El escenario actual en el que se instalan en el poder los abanderados de políticas de ultraderecha y el envalentonamiento y legitimación de actitudes racistas, xenofóbicas y misóginas, ha generado un sinnúmero de comparaciones y distinciones con fenómenos del siglo XX como el totalitarismo, el fascismo y el autoritarismo. Por eso, no debe extrañarnos la pertinencia de la obra de Arendt, su descripción de los fenómenos del siglo XX relativos al totalitarismo y al imperialismo y, sobre todo, su crítica al andamiaje de la Nación-estado a partir del fenómeno masivo de los apátridas (Arendt, 2001a). De hecho, en los últimos años hemos visto una gran cantidad de entrevistas, reportajes y publicaciones que retoman su obra para analizar estos fenómenos (Adelman, 2016; Gündoğdu, 2015; Kattago, 2013). En una entrevista reciente en Zeit Online, la intelectual norteamericana Judith Butler al ser preguntada sobre este fenómeno responde lo siguiente:
Zeit online: […] Se puede ver en la retórica de Trump y con el Brexit; se puede ver en el lenguaje populista de derecha. Existe un retroceso hacia una comprensión étnica de la nacionalidad. ¿Por qué?

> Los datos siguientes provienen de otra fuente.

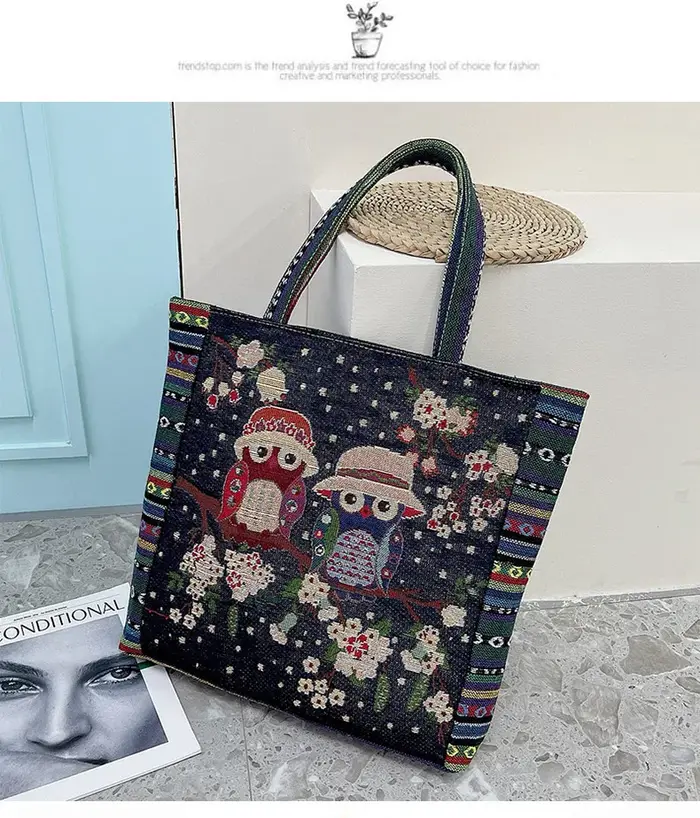 Nouveau sac à main hibou mode femme tissu brodé personnalisé Shopping grande capacité une épaule sac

Judith Butler: Hannah Arendt debería ser aquí nuestra guía: mientras que uno funcione con la noción de estado-nación, está pidiendo básicamente una forma específica de nacionalidad para representar al Estado y para que el Estado represente la nacionalidad. Eso significa que siempre habrá minorías y esos que son excluidos, los que no conforman la idea dominante de nación, esos serán ilegibles para la totalidad de derechos o despojados de ellos o incluso expulsados. Por eso para ella la pluralidad es tan importante. Supongo que podría traducir pluralidad como heterogeneidad étnica y racial. (Soloveitchik, 2016)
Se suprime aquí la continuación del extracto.